**Problem to work on:**
Would you restate all of the entries verbatim, minus any images?

**Supplied information:**
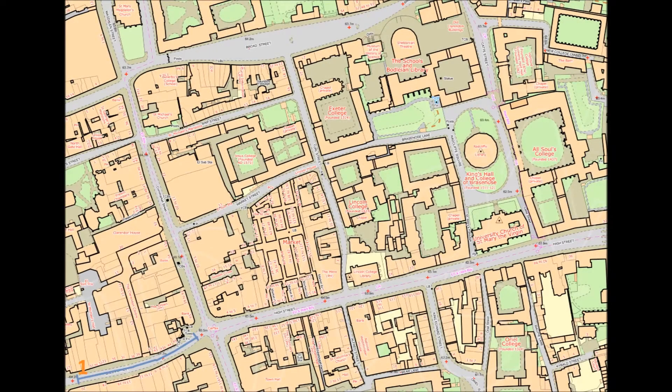A route was devised through the town centre with several different sections, which all have unique features and characteristics relating to the townscape and will now be further examined.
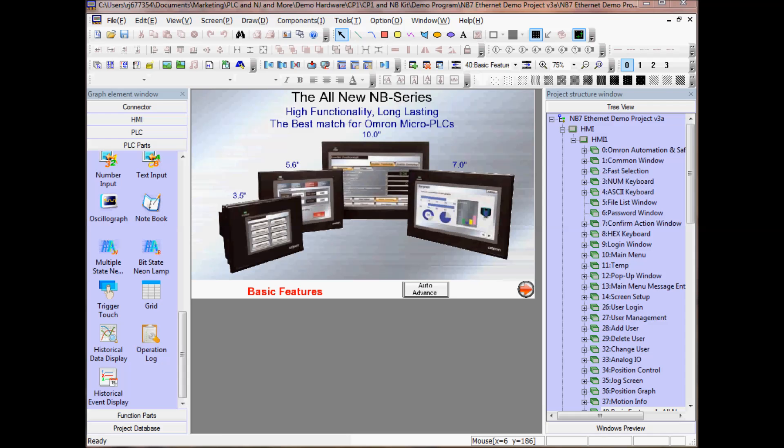I have created a project in NB Designer and have added a PLC and HMI along with a number of screens. I have the graph element window open in the left pane. This window is where I added my PLC and HMI along with the elements to display on my screens.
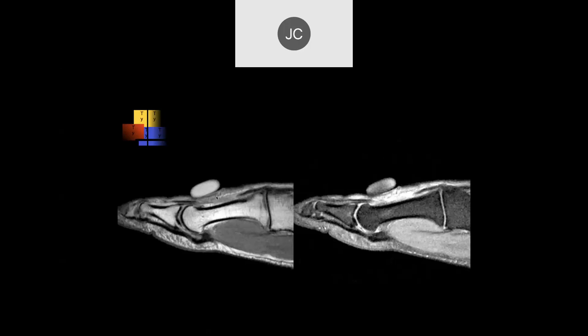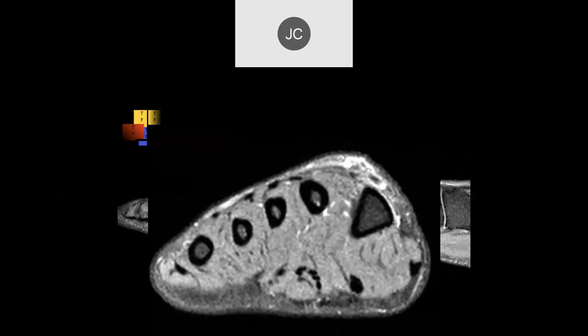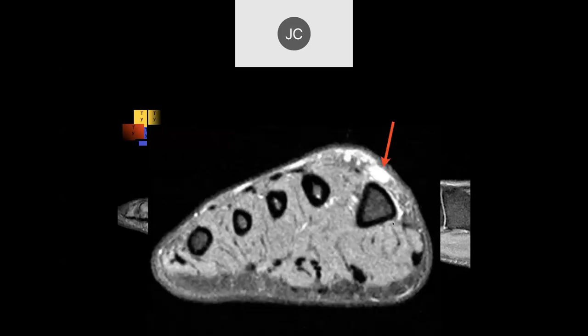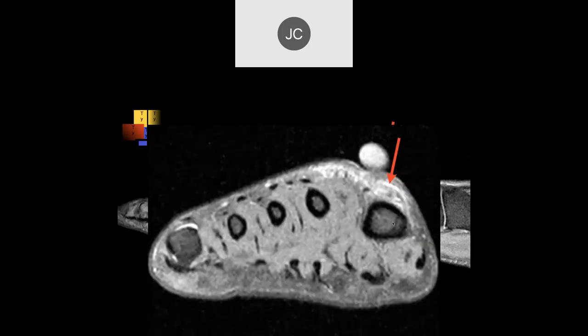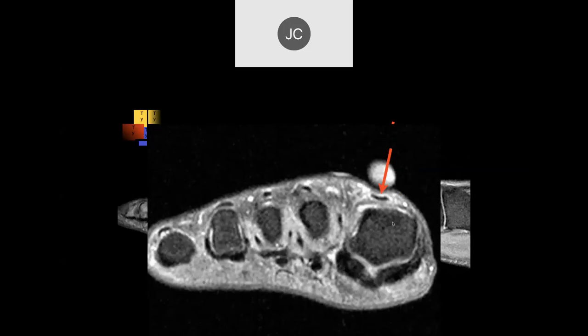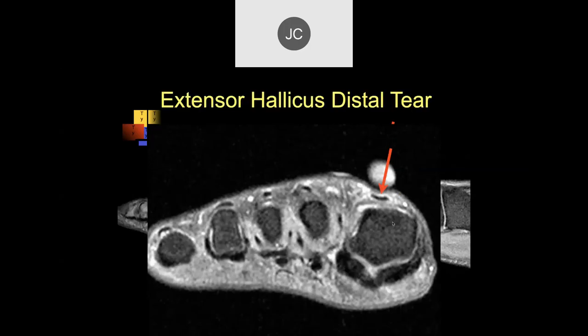There's edema, thickening, and increased signal in the extensor hallucis longus tendon. Going through sequential images, here's one image, the next image — there's the complete tear. Then the next image shows a complete tear with a little retraction of the tendon.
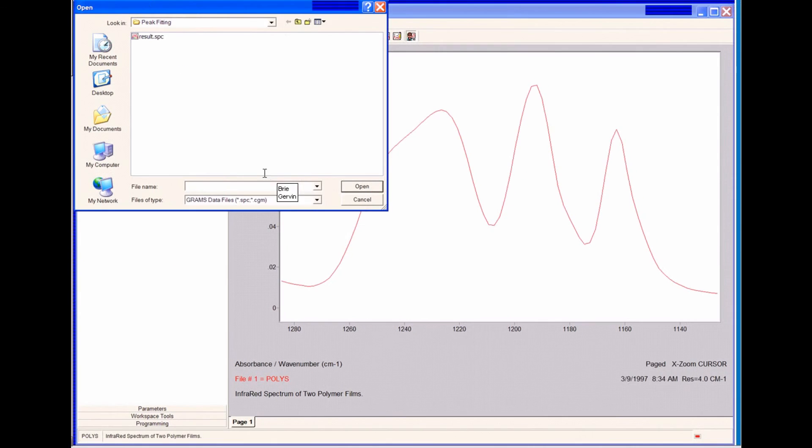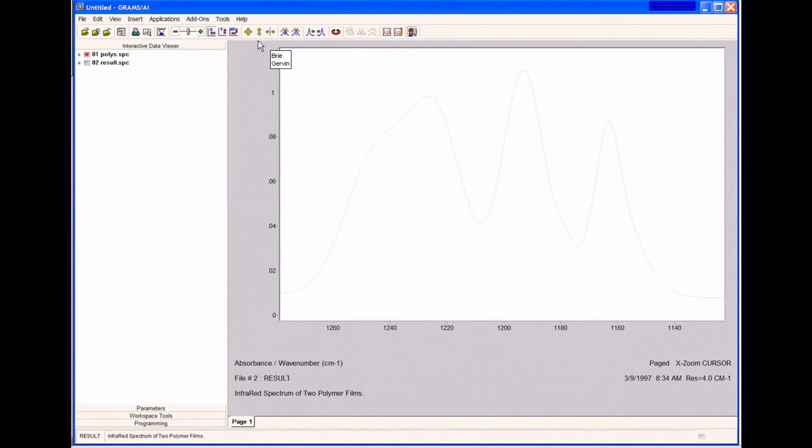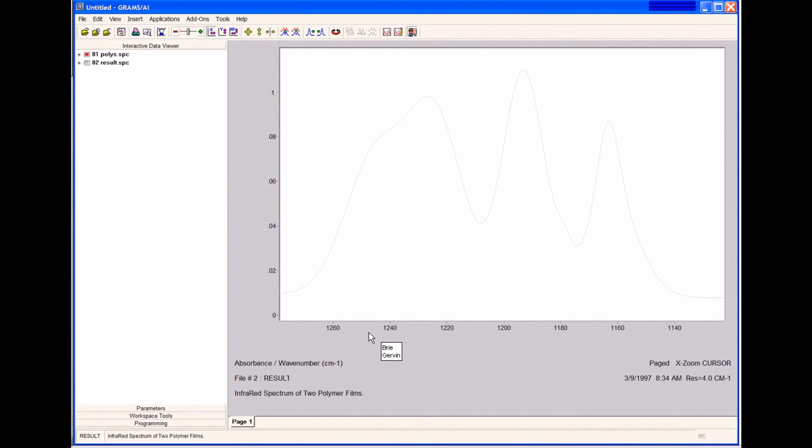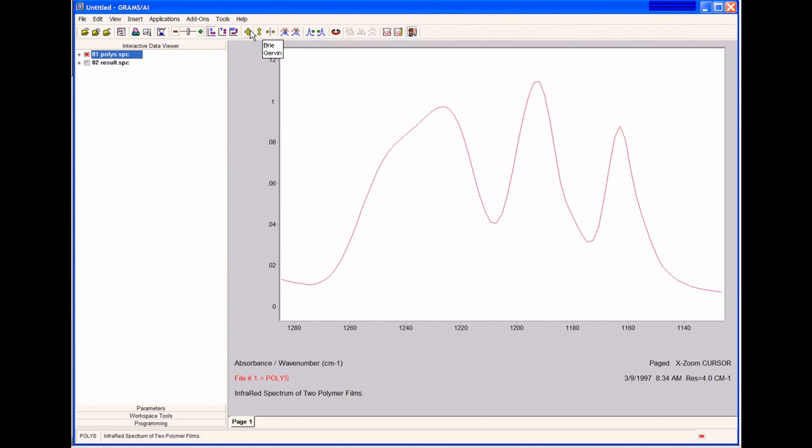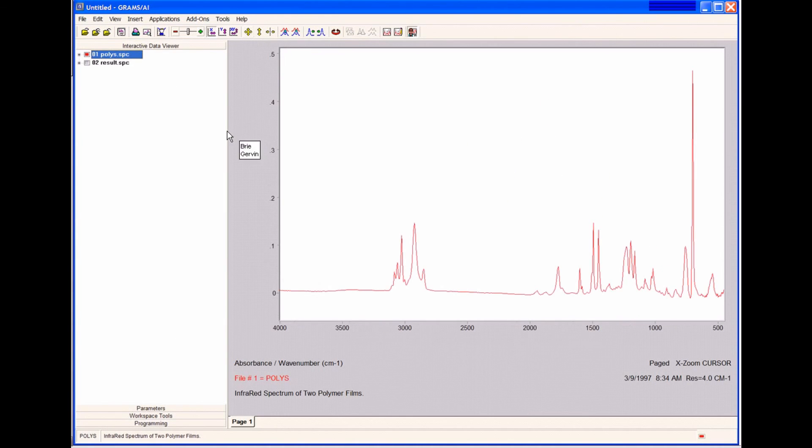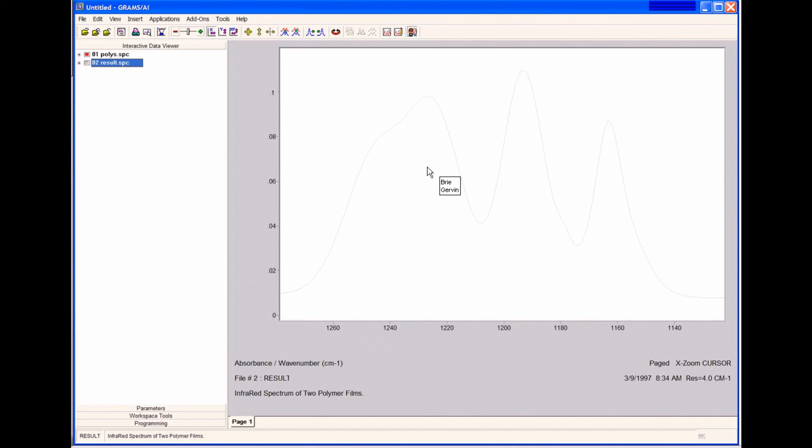If I go to Open Trace, if I click on Results here, and I'll autoscale so we can see it. This is our result trace. If I autoscale, you can see that the result trace only saves in the region that we fit in.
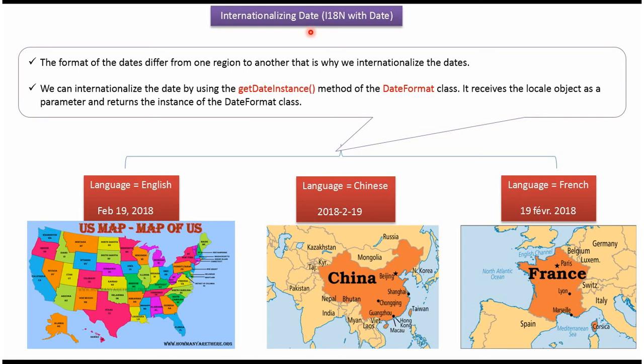In this video tutorial, I will explain internationalizing dates. The format of dates differ from one region to another, which is why we have to internationalize the dates.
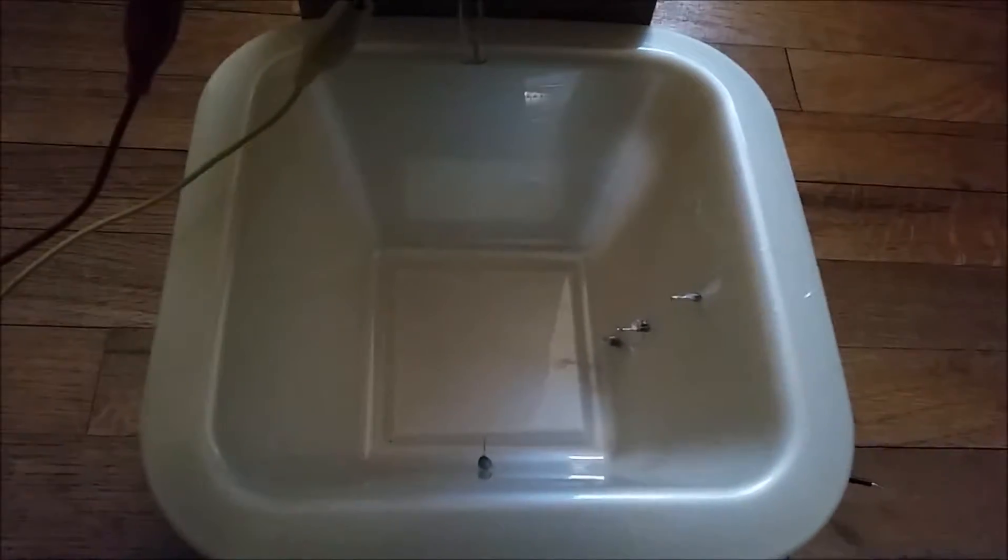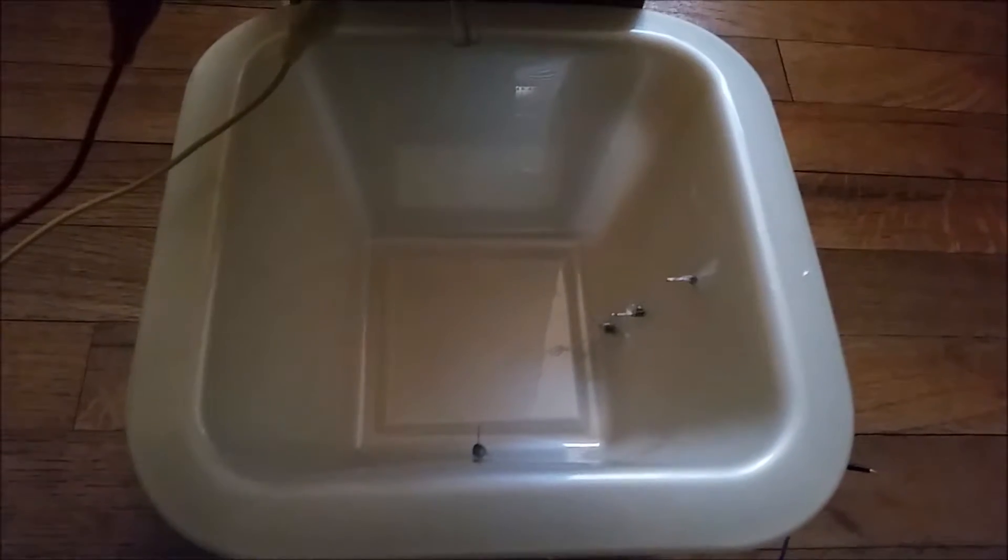All right, this is a demonstration of the automatic water bowl. I'll begin by filling the reservoir, and while it fills, it will fill the dog bowl until it reaches the two top wires. So let's go.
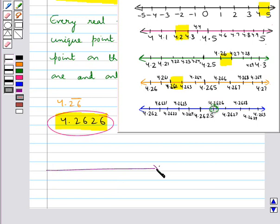This completes the session. Hope you have understood real numbers and their decimal expansions, and how we represent real numbers on the number line. Thank you.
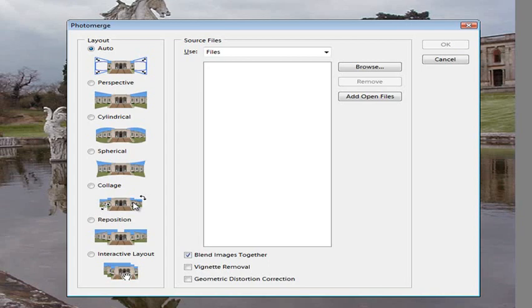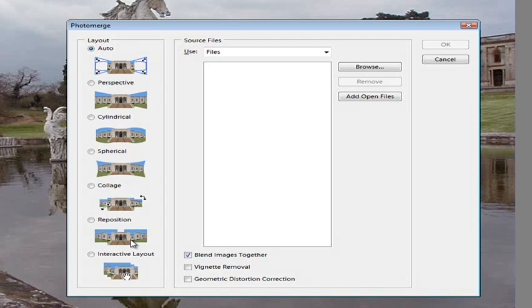Now Collage is different to Reposition and Cylindrical and it sits pretty much between the two of them. With Cylindrical the images will be deformed and pushed and pulled around in order to make the composition work. With Reposition the images are just aligned with no distorting or transforming of the pictures.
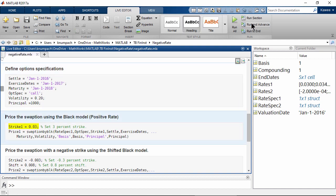Next, we are going to use a positive strike at 3% for positive rates, and a negative strike at minus 0.3% for negative rates. The main difference here is that we will use the Black model for positive rates, while we will use the shifted Black model for negative rates. For this reason, we need to define a shift size for negative rates.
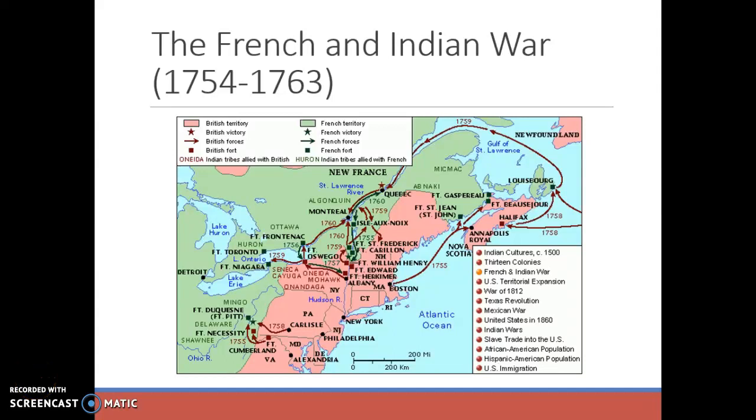This screencast is going to start with the French and Indian War, the background, and then we'll get into the Albany Plan of Union.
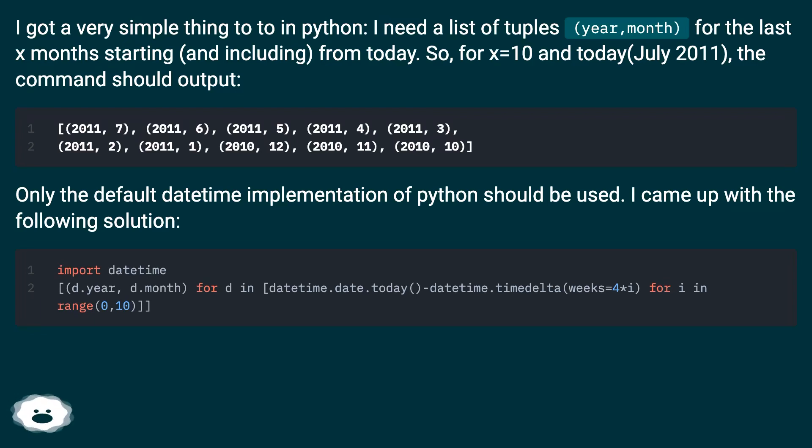Only the default datetime implementation of Python should be used. I came up with the following solution.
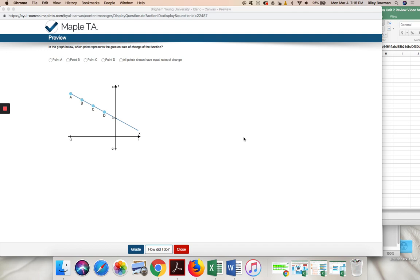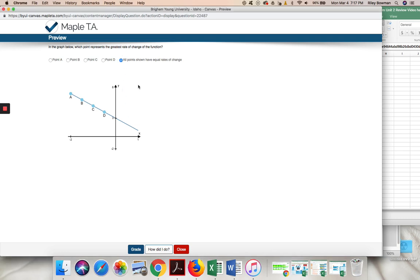A rate of change is also demonstrated by slope, and because these are all on the same line with the same slope, they all have the exact same rate of change. So our answer here is all points have equal rates of change.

**Written solution:**
A route was devised through the town centre with several different sections, which all have unique features and characteristics relating to the townscape and will now be further examined.
I have created a project in NB Designer and have added a PLC and HMI along with a number of screens. I have the graph element window open in the left pane. This window is where I added my PLC and HMI along with the elements to display on my screens.
There's edema, thickening, and increased signal in the extensor hallucis longus tendon. Going through sequential images, here's one image, the next image — there's the complete tear. Then the next image shows a complete tear with a little retraction of the tendon.
If I go to Open Trace, if I click on Results here, and I'll autoscale so we can see it. This is our result trace. If I autoscale, you can see that the result trace only saves in the region that we fit in.
In this video tutorial, I will explain internationalizing dates. The format of dates differ from one region to another, which is why we have to internationalize the dates.
All right, this is a demonstration of the automatic water bowl. I'll begin by filling the reservoir, and while it fills, it will fill the dog bowl until it reaches the two top wires. So let's go.
This completes the session. Hope you have understood real numbers and their decimal expansions, and how we represent real numbers on the number line. Thank you.
Now Collage is different to Reposition and Cylindrical and it sits pretty much between the two of them. With Cylindrical the images will be deformed and pushed and pulled around in order to make the composition work. With Reposition the images are just aligned with no distorting or transforming of the pictures.
Next, we are going to use a positive strike at 3% for positive rates, and a negative strike at minus 0.3% for negative rates. The main difference here is that we will use the Black model for positive rates, while we will use the shifted Black model for negative rates. For this reason, we need to define a shift size for negative rates.
This screencast is going to start with the French and Indian War, the background, and then we'll get into the Albany Plan of Union.
Only the default datetime implementation of Python should be used. I came up with the following solution.
A rate of change is also demonstrated by slope, and because these are all on the same line with the same slope, they all have the exact same rate of change. So our answer here is all points have equal rates of change.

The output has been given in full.